Vladimir Majakovskij e il futurismo

Con contributi di Elio Pagliarani e Angelo Maria Ripellino

Quale urgenza spinse il giovane Majakovskij, nella Russia ancora zarista, ad abbandonare la Georgia natale per andare a Mosca? La natura l'annoiava, la città, con le sue folle e il suo dinamismo, lo affascinava, odiava la solitudine e credeva nell`uguaglianza. Sognava un futuro “chechoviano”, ma propugnava, da figlio del Novecento, la “rivolta degli oggetti”.

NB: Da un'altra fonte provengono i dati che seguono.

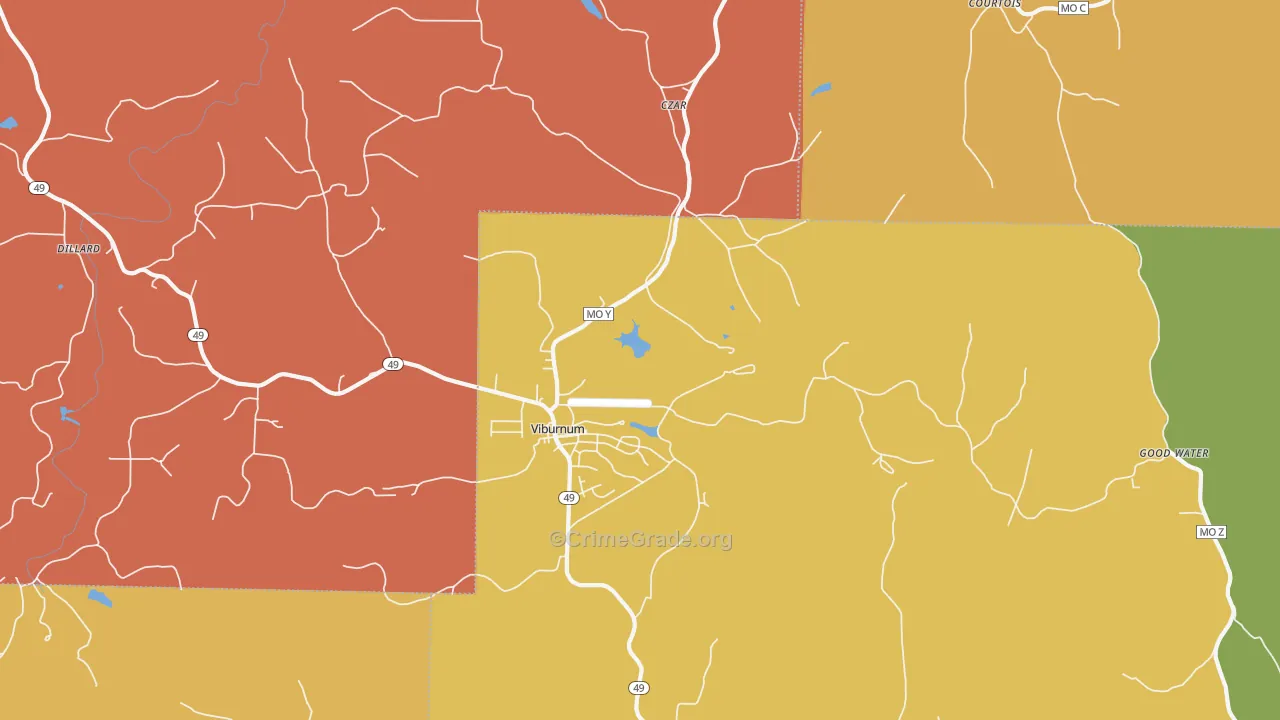 Viburnum, MO Map of Assault Rates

Io sono un impudente il cui supremo diletto è irrompere con la blusa gialla in un consesso di persone che nobilmente conservano sotto dignitose finanziere, marsine, giacche la modestia e il decoro

Con l'aiuto di un poeta, Elio Pagliarani, e di uno slavista, Angelo Maria Ripellino, viene ripercorsa la biografia del grande poeta e drammaturgo e, insieme ad essa, la nascita del futurismo russo, di cui Majakovskij fu il più convinto interprete, il suo rapporto con il futurismo italiano e la sua straordinaria fortuna, una vera egemonia culturale, nei primi anni della Rivoluzione russa. Il video mostra immagini di Majakovskij, della cella in cui fu rinchiuso e dello studio in cui si tolse la vita. Scorrono inoltre sequenze del film da lui interpretato La signorina e il teppista e filmati originali della rivoluzione sovietica, di comizi e dei funerali di Lenin.
Ciò che si racconta è il passaggio dall’allegria e dall’entusiasmo con cui artisti come Majakovskij, Chagall, Eizenstein, Meyerhold accolsero il grande sommovimento, che coniugava arte e utopia rivoluzionaria, al rapporto man mano più difficile delle avanguardie con l’involuzione burocratica dello stato sovietico. La fase più eroica della stagione rivoluzionaria si era chiusa definitivamente nel 1924, con la morte di Lenin. Insieme a Stalin si impose la restaurazione del naturalismo e gli spazi per Majakovskij si ridussero notevolmente. Egli fece oggetto della sua satira la figura del burocrate e quella del filisteo piccolo borghese, le stesse che ritroviamo nelle commedie La cimice (1928) e Il bagno (1929). Escludendo a priori ogni alternativa allo stato sovietico, a Majakovskij non rimase che un gesto estremo in cui – secondo Ripellino – convergono la fede nel socialismo e una fede mistica nella resurrezione.